The Yankee Group may be predicting that TiVo won’t be around in 2010, but apparently, Citigroup doesn’t share the same dismal outlook. According to an 8K filing, TiVo announced that they’ve negotiated a new $50 million revolving line of credit with the bank. The line of credit will remain in effect until TiVo terminates the arrangement, violates the covenants or January 25th, 2010, whichever one comes first.
In the filing, TiVo indicated that they have the option of going back and requesting an additional $50 million be added to the line of credit if they needed it, but for the time being, they have no plans to borrow any of the money from the new loan. The line of credit replaces a $15 million loan with the Silicon Valley Bank that expired last September.
The terms and conditions on the loan impose standard debt restrictions in how TiVo can operate their business, but two notable features of the loan are the restrictions that could prevent TiVo from entering into certain M&A negotiations and the formula used for the interest rate calculation.

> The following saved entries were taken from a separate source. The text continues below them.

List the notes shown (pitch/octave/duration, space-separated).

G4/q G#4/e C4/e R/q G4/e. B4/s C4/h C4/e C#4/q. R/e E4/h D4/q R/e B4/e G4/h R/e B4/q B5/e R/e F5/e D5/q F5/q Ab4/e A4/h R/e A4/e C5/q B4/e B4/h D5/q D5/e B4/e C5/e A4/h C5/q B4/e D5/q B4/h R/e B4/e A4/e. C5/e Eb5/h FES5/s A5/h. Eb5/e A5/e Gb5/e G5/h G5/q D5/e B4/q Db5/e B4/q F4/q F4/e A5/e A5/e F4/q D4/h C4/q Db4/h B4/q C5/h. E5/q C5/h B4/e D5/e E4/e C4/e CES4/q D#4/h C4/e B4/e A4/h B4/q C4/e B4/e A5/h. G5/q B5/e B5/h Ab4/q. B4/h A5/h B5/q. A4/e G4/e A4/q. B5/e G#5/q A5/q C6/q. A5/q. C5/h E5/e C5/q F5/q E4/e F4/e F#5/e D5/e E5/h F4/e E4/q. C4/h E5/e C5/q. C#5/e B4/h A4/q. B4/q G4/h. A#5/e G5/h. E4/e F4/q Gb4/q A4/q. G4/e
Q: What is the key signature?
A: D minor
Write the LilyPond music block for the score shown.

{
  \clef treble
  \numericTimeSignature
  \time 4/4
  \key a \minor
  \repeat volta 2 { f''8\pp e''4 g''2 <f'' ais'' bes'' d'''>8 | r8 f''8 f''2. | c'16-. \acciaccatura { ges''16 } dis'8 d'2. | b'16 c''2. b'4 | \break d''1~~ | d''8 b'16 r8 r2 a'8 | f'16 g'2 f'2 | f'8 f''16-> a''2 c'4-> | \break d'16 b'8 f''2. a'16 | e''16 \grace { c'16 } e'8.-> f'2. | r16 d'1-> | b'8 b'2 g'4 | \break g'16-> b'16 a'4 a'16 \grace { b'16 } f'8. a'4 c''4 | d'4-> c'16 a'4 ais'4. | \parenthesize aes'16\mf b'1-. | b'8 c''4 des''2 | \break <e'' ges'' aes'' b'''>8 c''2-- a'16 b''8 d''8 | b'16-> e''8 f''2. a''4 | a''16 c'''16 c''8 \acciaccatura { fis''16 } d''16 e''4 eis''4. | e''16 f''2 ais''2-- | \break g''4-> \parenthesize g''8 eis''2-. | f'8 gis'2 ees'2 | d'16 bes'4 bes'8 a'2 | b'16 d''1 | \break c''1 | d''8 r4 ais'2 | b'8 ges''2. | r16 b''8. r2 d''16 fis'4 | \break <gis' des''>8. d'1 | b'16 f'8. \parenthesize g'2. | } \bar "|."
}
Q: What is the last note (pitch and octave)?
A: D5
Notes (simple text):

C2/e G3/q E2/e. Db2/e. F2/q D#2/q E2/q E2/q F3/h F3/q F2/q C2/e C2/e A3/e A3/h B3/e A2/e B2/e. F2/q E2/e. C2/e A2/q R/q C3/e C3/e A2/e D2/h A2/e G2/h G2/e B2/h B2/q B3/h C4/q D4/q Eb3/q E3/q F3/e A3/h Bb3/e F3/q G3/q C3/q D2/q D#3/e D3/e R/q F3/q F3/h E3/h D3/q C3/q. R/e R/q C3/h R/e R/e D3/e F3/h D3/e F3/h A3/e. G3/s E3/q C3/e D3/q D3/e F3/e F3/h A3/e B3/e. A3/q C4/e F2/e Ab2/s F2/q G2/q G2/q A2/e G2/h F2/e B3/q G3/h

TiVo already has a poison pill in place, that all but ensures the company won’t be bought out in a hostile takeover scenario. To add to this, they also have language in both their Comcast and Cox agreements, that allow either company to terminate their cable deals, if TiVo is acquired by another company. While the inclusion of this type of language isn’t unusual for a loan of this nature, it existence is further proof that TiVo isn’t interested in selling the company, unless it’s on their terms.